En el presente caso, la Comisión recuerda que la presunta víctima no contó con abogado
defensor durante las diligencias preliminares realizadas el 28 de febrero de 2008. En dicha fecha se interrogó
a la médica que denunció a Manuela, se realizó una inspección ocular en la vivienda de esta, se realizó
reconocimiento genital a la presunta víctima, se efectuó una autopsia al cuerpo recuperado en la casa de
Manuela y se recibió una supuesta denuncia del padre de la presunta víctima. Manuela no pudo oponerse ni
controlar ninguno de estos actos por no contar con abogado defensor. Asimismo, la CIDH subraya que Manuela
no contó con defensa técnica en la entrevista que sostuvo con la investigadora asignada al caso el 29 de febrero
de 2008 y de la cual dicha investigadora concluyó que la presunta víctima se realizó un aborto voluntario.
98.
Estos hechos constituyen por sí solos una violación al derecho de defensa técnica pues, como
se indicó, dicho derecho debe poder ejercerse desde el inicio del proceso y en todas las diligencias sin excepción
alguna. Además, la CIDH destaca que las pruebas mencionadas fueron incorporadas al proceso, y diligencias
como la autopsia de 28 de febrero de 2008, la denuncia del padre de la presunta víctima y el acta de la
investigadora donde hizo constar que el supuesto delito que cometió Manuela “no lo hubiera hecho”, fueron
incorporadas al proceso penal y tuvieron un impacto en la sentencia condenatoria dictada contra la presunta
víctima.
99.
Por otra parte, con respecto a la defensa técnica la CIDH subraya ciertas deficiencias que
impactaron en los derechos de la presunta víctima. En particular la Comisión hace notar que: i) no consta que
la presunta víctima haya sido notificada de la designación de su abogado defensor el 28 de febrero de 2008; ii)

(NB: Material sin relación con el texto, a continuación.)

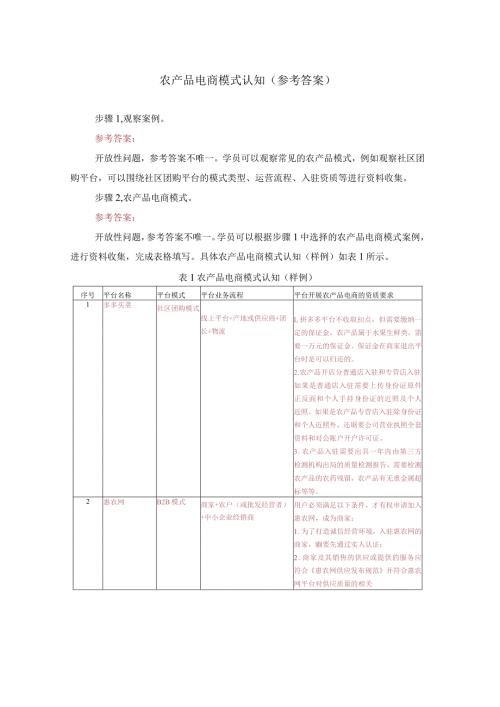 农产品电商模式认知参考答案.docx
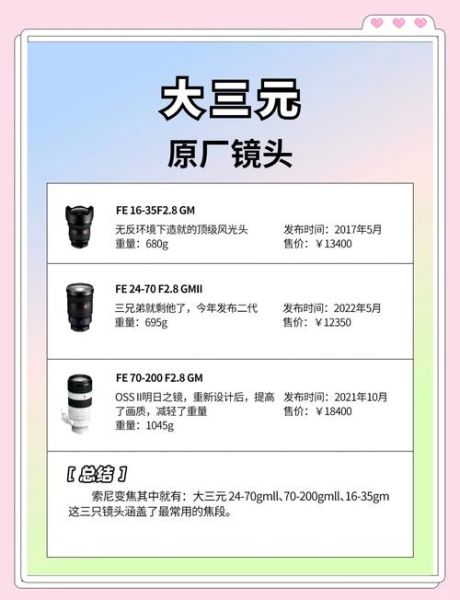 索尼大师镜头值得买吗_如何挑选-第1张图片-星辰妙记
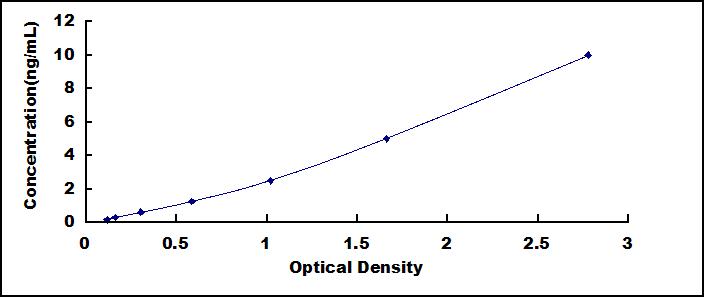 Standard Curve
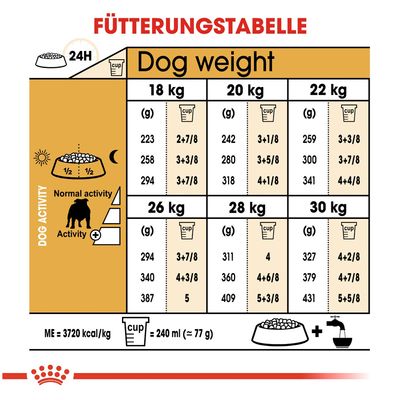 Royal Canin Bulldog Adult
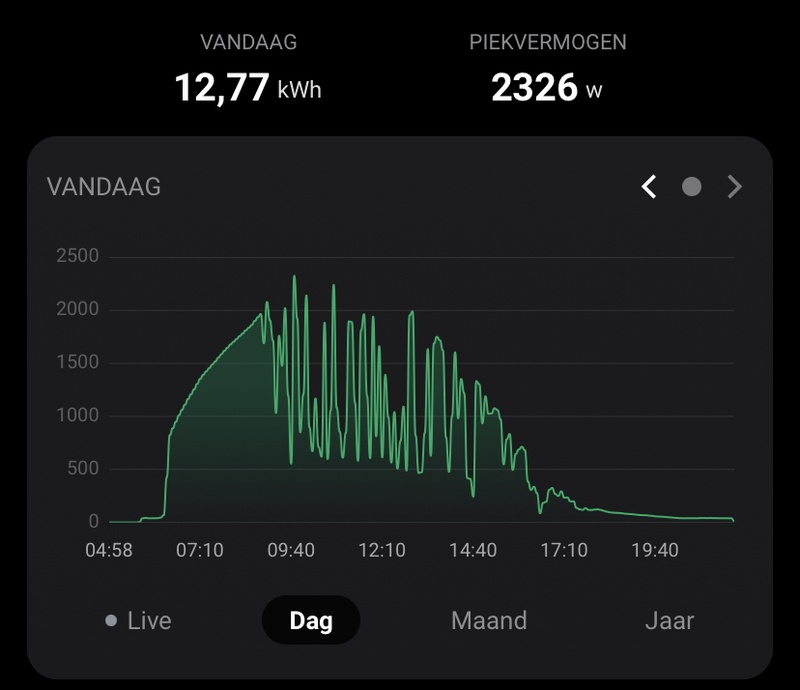 Afbeeldingslocatie: https://tweakers.net/i/tT1LcUWtsbQlhwGnpSYYz9EMYOw=/800x/filters:strip_icc():strip_exif()/f/image/pveojrMw16cQ9SbFNFT4WnFO.jpg?f=fotoalbum_large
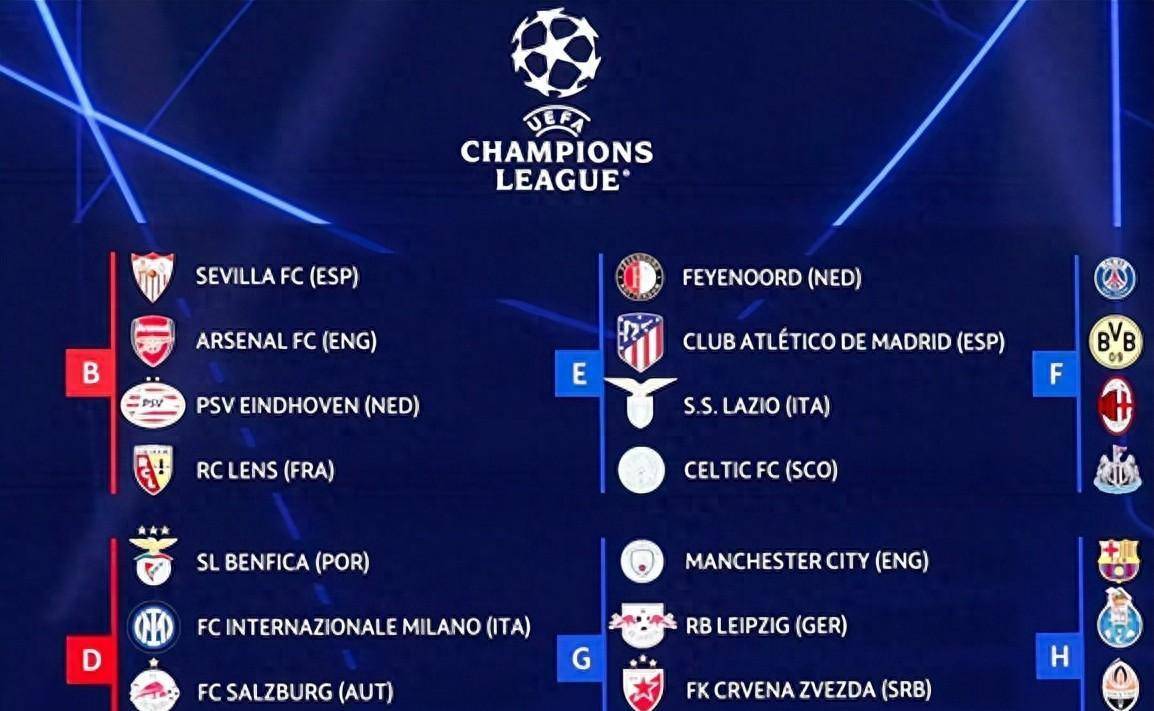 意甲球队成绩出色,多队进入八强 意甲球队成绩出色,多队进入八强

la prueba presentada por la defensa es escasa, limitándose a ofrecer el testimonio de la madre de Manuela, sin
ofrecer la práctica de otras pericias para cuestionar la hipótesis acusatoria de la fiscalía, tales como una
autopsia distinta para determinar la causa de defunción del cuerpo encontrado o para cuestionar la prueba de
docimasia hidrostática o bien ofrecer prueba relacionada con la versión de Manuela; iii) la defensa técnica
omitió cuestionar ciertas inconsistencias en el expediente, tales como la supuesta incorporación de la partida
de nacimiento del feto, la cual no existe, o las inconsistencias de la partida de defunción con la autopsia en
cuanto a la fecha de la muerte, tiempo que supuestamente vivió y causas de la muerte.
100.
Por otra parte, la Comisión subraya como una grave omisión de la defensa, que ésta no
presentó recurso alguno contra la sentencia que condenó a la presunta víctima a treinta años de prisión por el
delito de homicidio agravado. La parte peticionaria indicó que el abogado defensor omitió indicarles la
posibilidad de impugnar el fallo. La Comisión observa que en la legislación salvadoreña vigente para el
momento de la condena únicamente se encontraba previsto el recurso de casación contra las sentencias
condenatorias penales90.
101.
Sin perjuicio de la compatibilidad del recurso de casación con el derecho de recurrir el fallo
reconocido en la Convención Americana, la Comisión recuerda que la posibilidad de recurrir el fallo es un
aspecto fundamental del derecho de defensa91, por lo que estima que al no plantear el recurso de casación, la
defensa incurrió en una negligencia manifiesta que permitió que quedara en firme una sentencia condenatoria
que fue el resultado de un proceso violatorio de garantías mínimas y, como se verá más adelante,
discriminatorio.
Corte IDH. Caso Ruano Torres y otros Vs. El Salvador. Fondo, Reparaciones y Costas. Sentencia de 5 de octubre de 2015. Serie C No. 303.
Párr. 166. Citas originales omitidas.
90 Ver Código Procesal Penal de El Salvador, Decreto No. 904 de 13 de diciembre 1996.
91 CIDH, Informe No. 79/17, Caso 12.650. Fondo. Hugo Humberto Ruiz Fuentes. Guatemala, párr.119.